DATA UNDER STUDY Start Marker

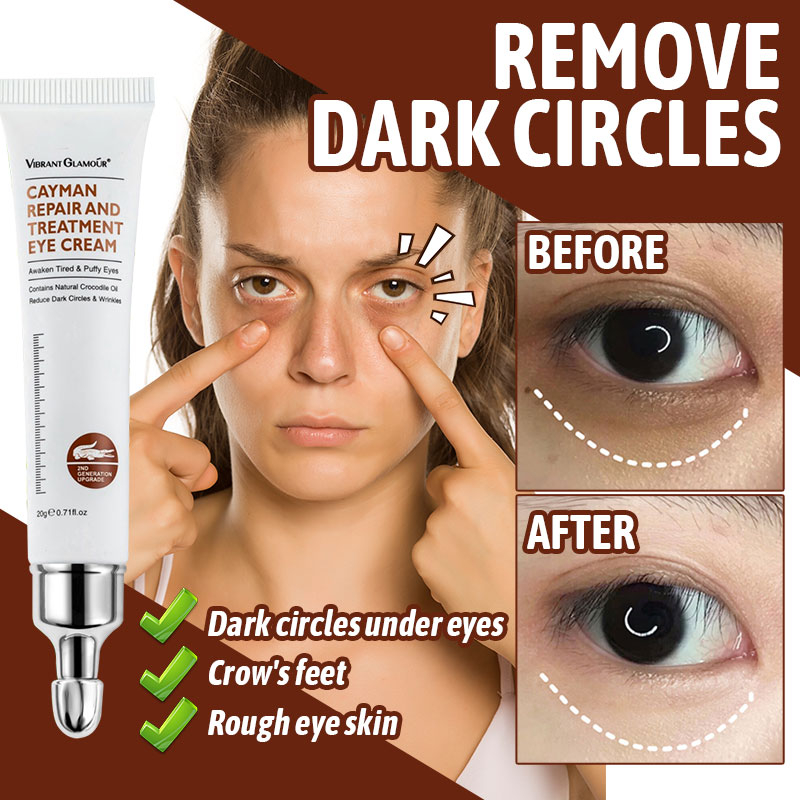 Eyebag Remover Cream Retinol Eye Cream for dark circle eyebags remover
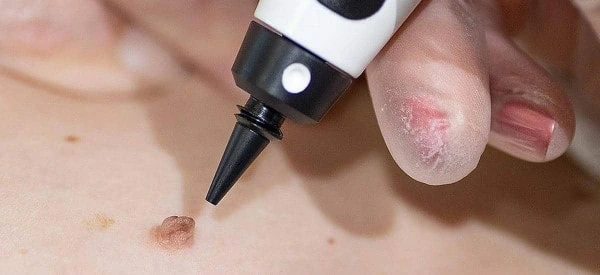 skin tag removal using cryopen Greater London (Hounslow)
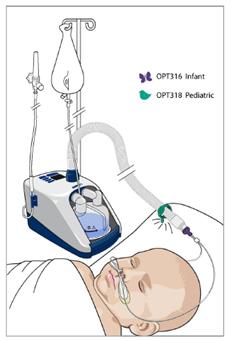 high flow nasal cannula pediatrics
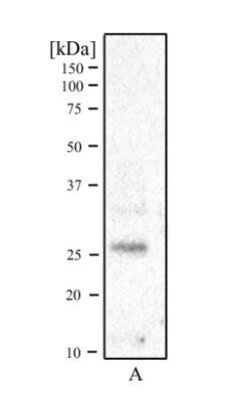 Invitrogen RCAN1 Polyclonal Antibody 100 &mu;L; Unconjugated:Antibodies,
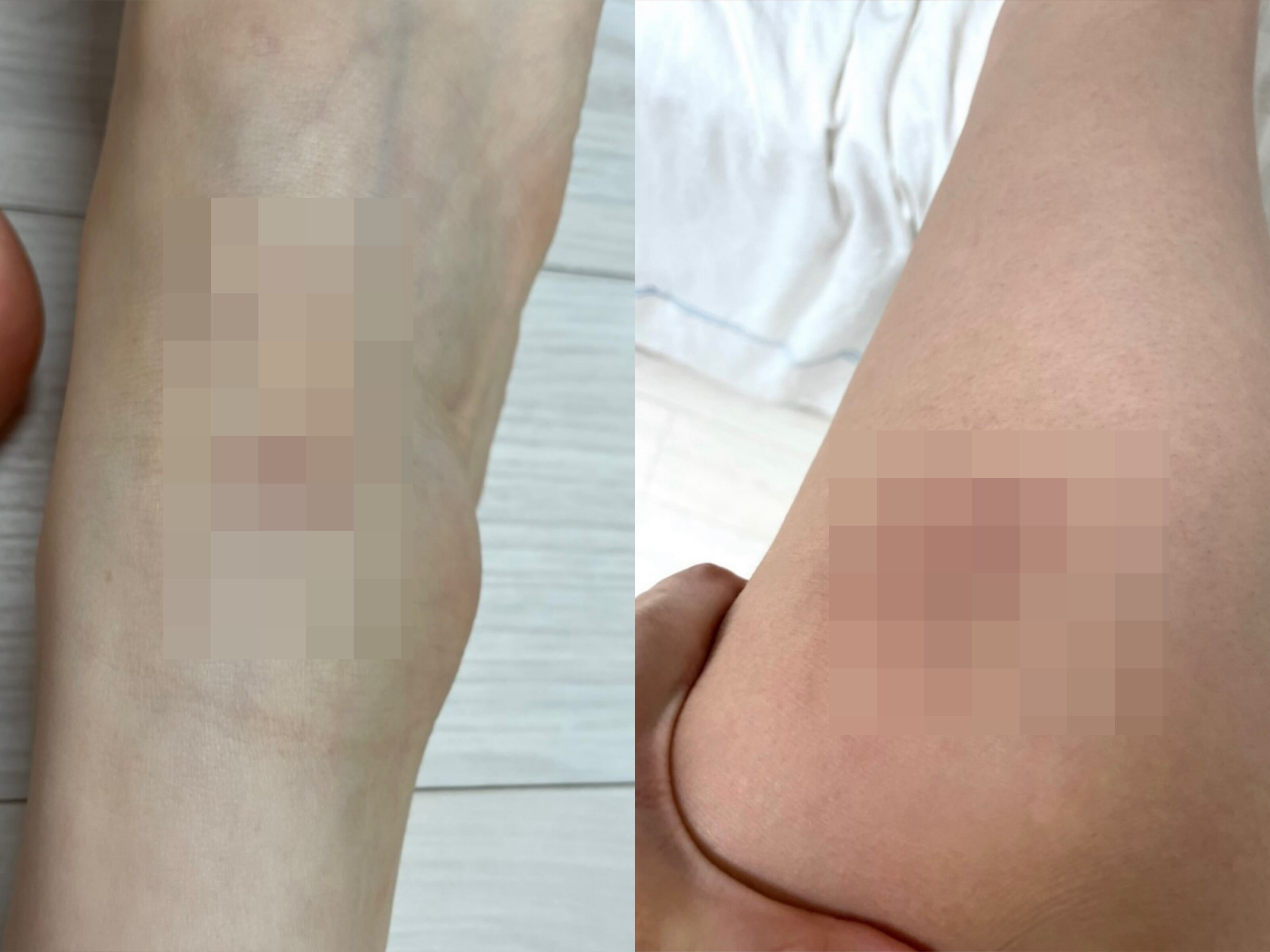 홍민기 前여친, 산부인과 진료내역→멍투성이 팔다리까지 공개 '폭로전ing'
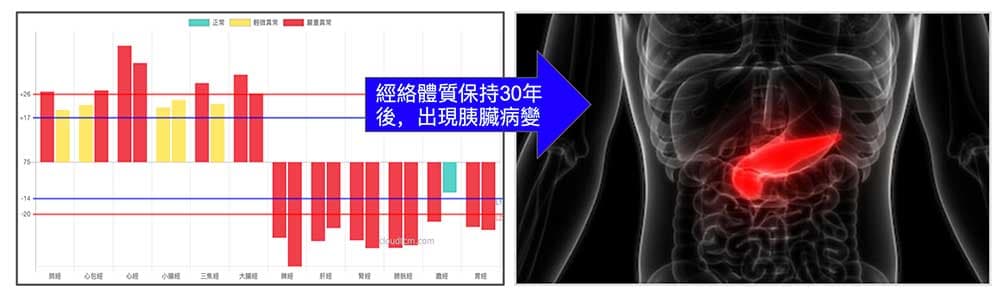 一種經絡體質要累積數十年功力，才會形成器官病變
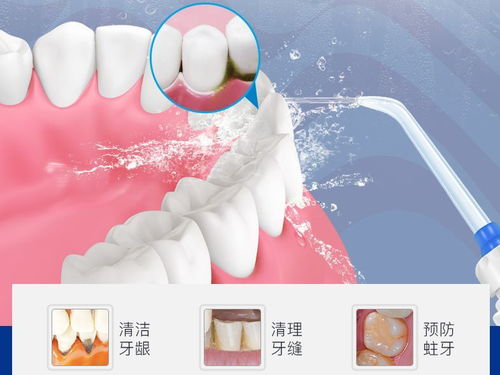 怎样“洗牙”才能洗出健康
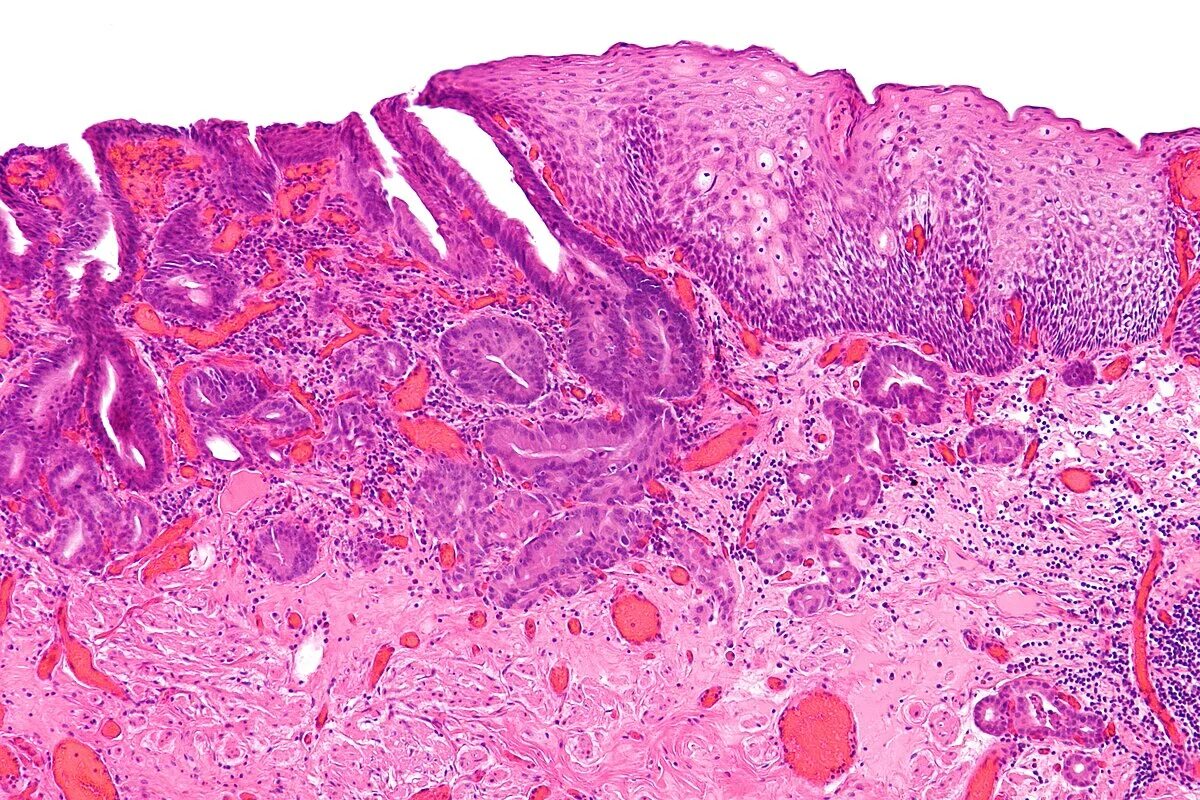 File:Endocervical adenocarcinoma in situ 2 -- intermed mag.jpg - Wikimedia Commo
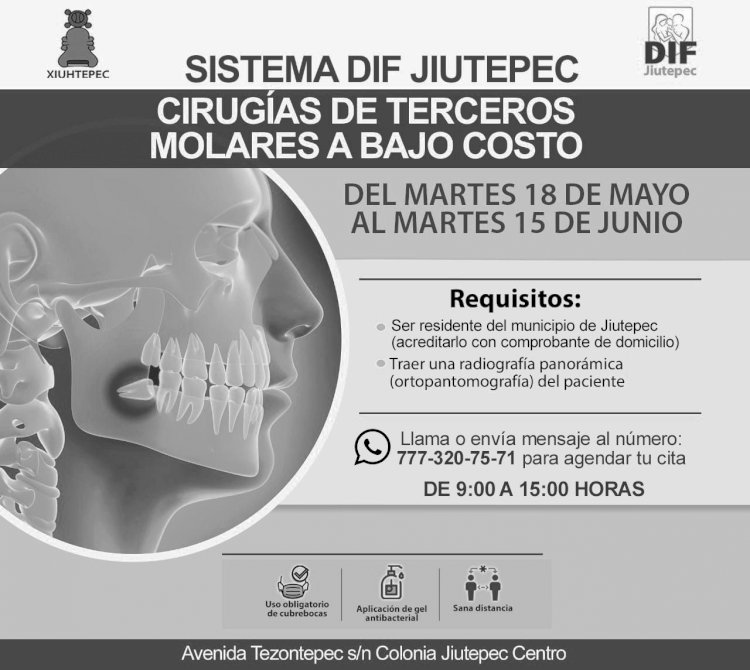 En Jiutepec se pueden extraer muelas del juicio a bajo costo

DATA UNDER STUDY End Marker

■ EXERCISE INSTRUCTIONS:
The line containing "一種經絡體質要累積數十年功力，才會形成器官病變" marks the start: set down exactly that line and every line after it through the last line of the data, without any pictures.

■ EXERCISE RESPONSE:
 一種經絡體質要累積數十年功力，才會形成器官病變
 怎样“洗牙”才能洗出健康
 File:Endocervical adenocarcinoma in situ 2 -- intermed mag.jpg - Wikimedia Commo
 En Jiutepec se pueden extraer muelas del juicio a bajo costo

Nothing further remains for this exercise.